Le quatrième Forum de la Chambre des mines de la Fédération des entreprises du Congo s’est achevé à Kinshasa par l’adoption d’un rapport général. Les recommandations défendent une évolution concertée du cadre minier, fondée sur la stabilité juridique, la compétitivité, la gouvernance et la création de valeur en RDC.
Après trois jours de travaux, les participants au quatrième Forum de la Chambre des mines ont adopté un rapport général destiné à contribuer aux discussions nationales sur l’avenir du Code minier congolais. Les échanges ont réuni des représentants des institutions publiques, des entreprises minières, du monde académique, des organisations de la société civile ainsi que plusieurs experts du secteur.
Les travaux étaient organisés autour des conséquences qu’une éventuelle révision du Code minier pourrait produire sur la stabilité juridique, l’attractivité des investissements et la compétitivité de l’industrie extractive. Les participants ont cherché à rapprocher les attentes des pouvoirs publics, des opérateurs privés et des communautés concernées par l’exploitation des ressources naturelles.

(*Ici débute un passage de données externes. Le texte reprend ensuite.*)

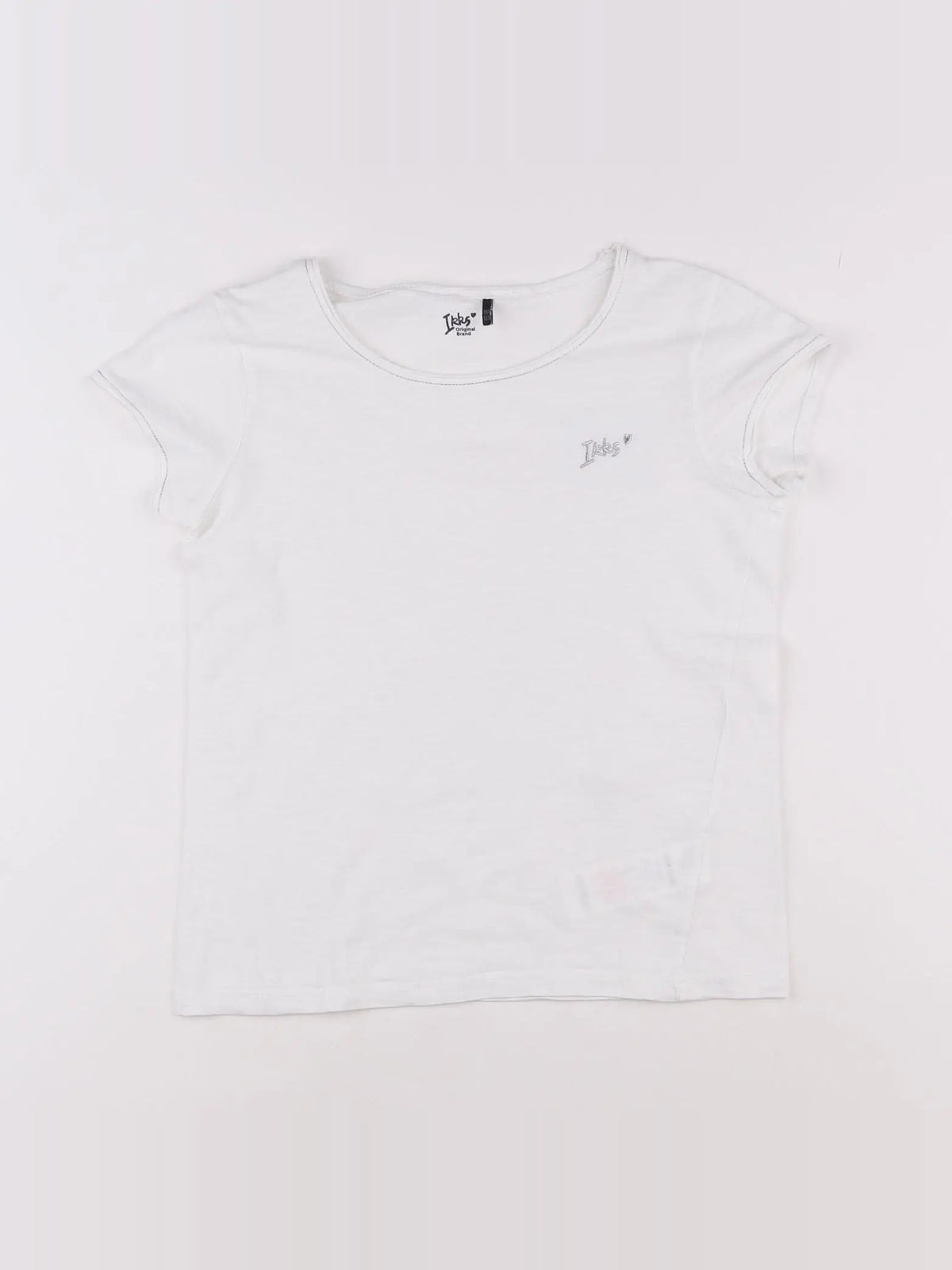 IKKS - tee-shirt argent, blanc - 10 ans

Le document adopté met notamment l’accent sur la sécurité juridique et la prévisibilité du cadre réglementaire. Ces deux principes permettent aux entreprises de planifier leurs investissements, leurs opérations et leurs engagements sur le long terme. Ils doivent toutefois être conciliés avec les objectifs de bonne gouvernance, de valorisation des ressources congolaises et de répartition plus large des bénéfices tirés de l’activité minière.
Une réforme fondée sur la concertation
La Chambre des mines défend une démarche reposant sur le dialogue entre les pouvoirs publics, les entreprises, les experts et la société civile. Cette orientation vise à éviter qu’une évolution de la législation soit examinée uniquement sous l’angle fiscal ou réglementaire, sans tenir compte de ses effets sur la production, l’investissement, l’emploi, les communautés locales et la transformation des minerais.
Les recommandations du forum accordent également une place à la compétitivité du secteur minier congolais. Pour les participants, la RDC doit préserver sa capacité à attirer les capitaux nécessaires au développement des projets, tout en améliorant la gouvernance et la valeur économique conservée dans le pays.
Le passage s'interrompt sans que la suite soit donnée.